Liputan6.com, Jakarta Saur Marlina Manurung atau lebih dikenal dengan nama Butet Manurung, siapa yang tak mengenal sosok wanita hebat nan inspiratif satu ini?
Baca Juga
Advertisement
Butet Manurung mulai dikenal oleh banyak orang karena kisahnya mengajarkan baca dan tulis bagi anak-anak suku Anak Dalam di kawasan konservasi Taman Nasional Bukit Duabelas atau TNBD, Jambi, Sumatra Selatan.
Tujuh belas tahun sejak 1999, Butet Manurung dan 4 kawannya meninggalkan kehidupan di Jakarta untuk mengemban tugas berat ini, keluar masuk hutan beberapa kali agar kedatangan mereka diterima dengan baik.
Di acara Inspirato pada Selasa (23/8/2016), Butet menceritakan kepada tim liputan6.com beberapa kisah paling berkesan selama hidup di alam rimba.
"Mengajar di pedalaman, kita nggak bisa pake metode pendidikan di sini yang formal. Proses belajar di sana itu dengan bergelantungan di pohon, bukan duduk di dalam kelas. Kalo kita yang belajar dengan gelantungan di pohon, nggak bisa, kan? Iyalah, karena itu bukan bagian dari kebudayaan kita. Sama, belajar di dalam kelas juga bukan kebudayaan mereka," cerita Butet.
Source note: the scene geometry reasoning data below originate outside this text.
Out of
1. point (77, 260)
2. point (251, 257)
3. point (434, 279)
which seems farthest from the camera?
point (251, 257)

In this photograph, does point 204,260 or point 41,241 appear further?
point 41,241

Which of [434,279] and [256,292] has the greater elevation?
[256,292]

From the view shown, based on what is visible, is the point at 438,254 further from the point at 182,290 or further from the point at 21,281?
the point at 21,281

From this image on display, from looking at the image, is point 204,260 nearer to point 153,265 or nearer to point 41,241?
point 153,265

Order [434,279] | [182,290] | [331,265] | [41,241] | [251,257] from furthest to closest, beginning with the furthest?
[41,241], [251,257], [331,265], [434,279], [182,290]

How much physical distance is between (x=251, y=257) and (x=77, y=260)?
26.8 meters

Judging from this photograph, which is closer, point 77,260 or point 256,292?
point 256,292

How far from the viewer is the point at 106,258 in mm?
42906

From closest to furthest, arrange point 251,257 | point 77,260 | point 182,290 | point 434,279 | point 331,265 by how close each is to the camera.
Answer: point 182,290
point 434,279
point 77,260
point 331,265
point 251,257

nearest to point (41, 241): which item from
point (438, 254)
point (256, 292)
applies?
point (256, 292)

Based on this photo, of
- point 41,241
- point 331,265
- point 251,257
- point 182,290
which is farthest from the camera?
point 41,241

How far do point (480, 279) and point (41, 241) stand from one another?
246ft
Pada awalnya, Butet Manurung dan beberapa temannya mencoba mencari tahu mengapa sistem pendidikan yang dicoba diajarkan kepada anak-anak di suku pedalaman selalu gagal. Salah satunya adalah bangunan sekolah yang dibangun, akhirnya dihancurkan dan digunakan sebagai kayu bakar.
"Bagi mereka, rumah itu kandang. Kebanyakan kita berpikir, ah, kasian ya, mereka nggak rumah, nggak beragama dan segala macem. Tapi buat mereka, kita ini lebih kasian lagi, punya rumah dengan ukuran kecil, sedangkan mereka punya 60.000 hektar tanah itu punya mereka semua. Makannya kenapa persepsi atau stereotip itu merugikan sekali," papar ibu dari satu anak ini.
Pada akhir acara Inspirato, Butet Manurung mengingatkan kembali bahwa bukan anak yang harus menyesuaikan sistem pendidikan yang ada, namun sistem pendidikanlah yang harus menyesuaikan dengan keadaan anak-anak mereka.